Assignment:
The job is to output each record exactly as it stands, pictures excluded.

Stored data entries:
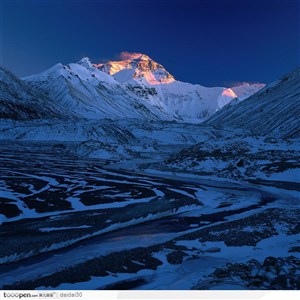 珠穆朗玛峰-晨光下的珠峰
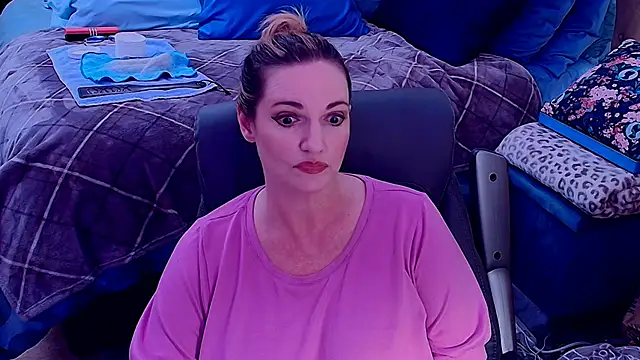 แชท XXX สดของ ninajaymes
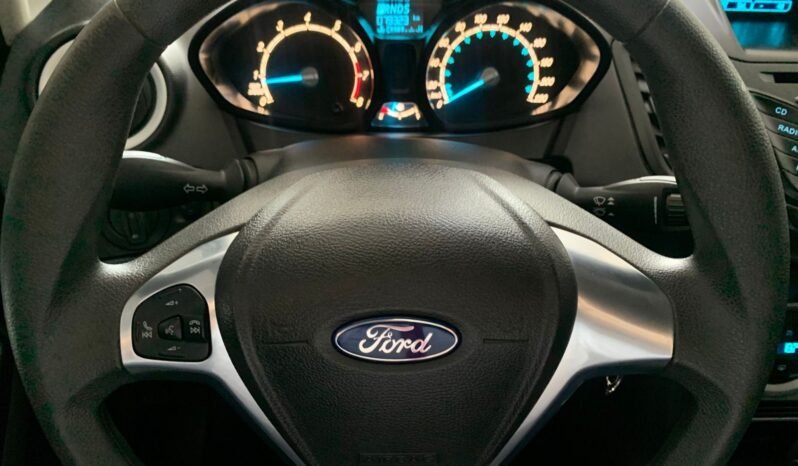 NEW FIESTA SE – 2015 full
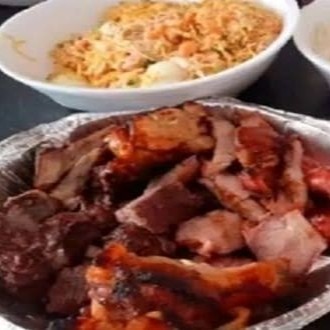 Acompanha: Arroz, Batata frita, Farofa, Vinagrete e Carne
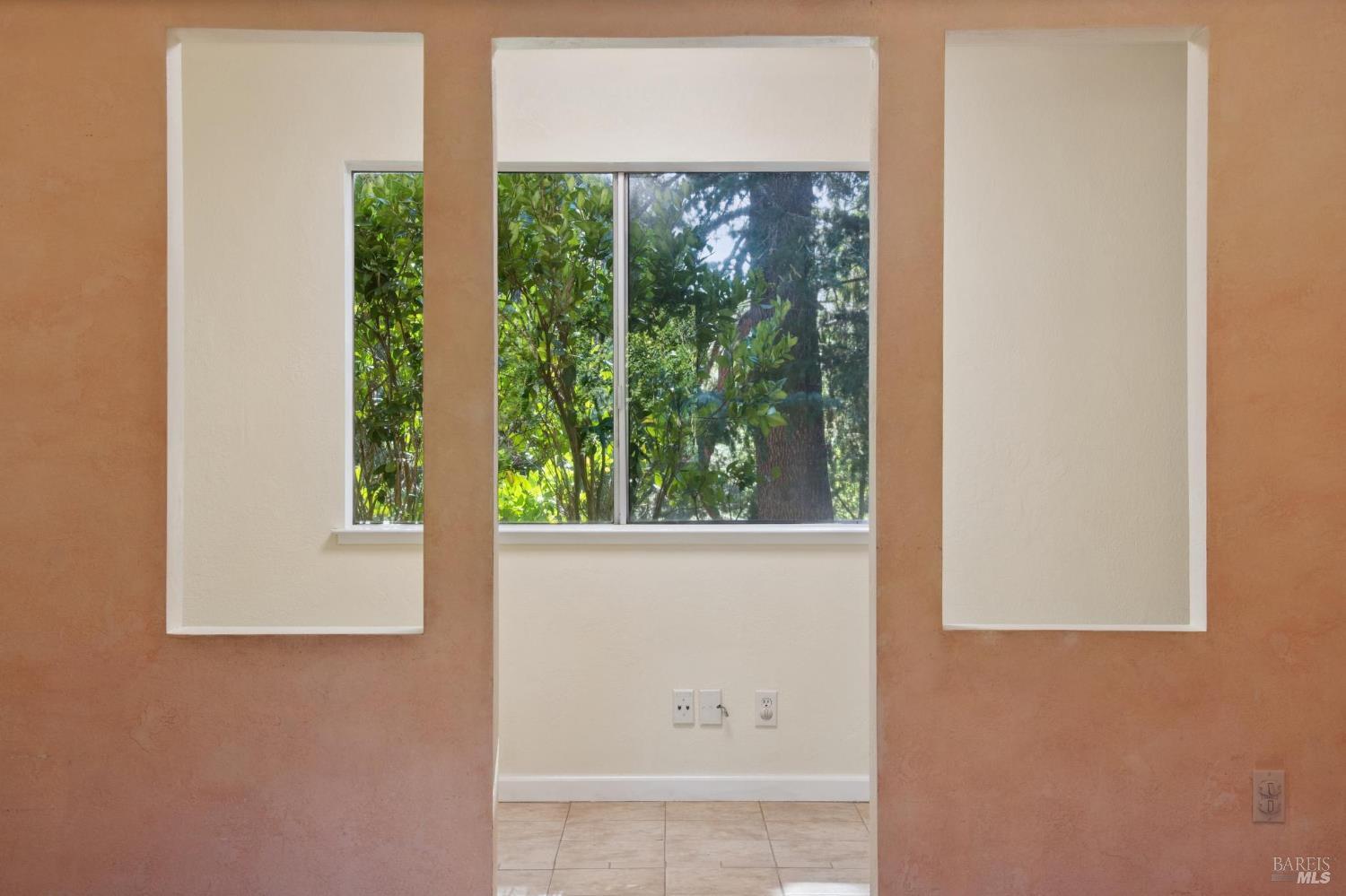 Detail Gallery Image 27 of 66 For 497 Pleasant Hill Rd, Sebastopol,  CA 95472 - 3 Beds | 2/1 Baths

Answer below:
 珠穆朗玛峰-晨光下的珠峰
 แชท XXX สดของ ninajaymes
 NEW FIESTA SE – 2015 full
 Acompanha: Arroz, Batata frita, Farofa, Vinagrete e Carne
 Detail Gallery Image 27 of 66 For 497 Pleasant Hill Rd, Sebastopol,  CA 95472 - 3 Beds | 2/1 Baths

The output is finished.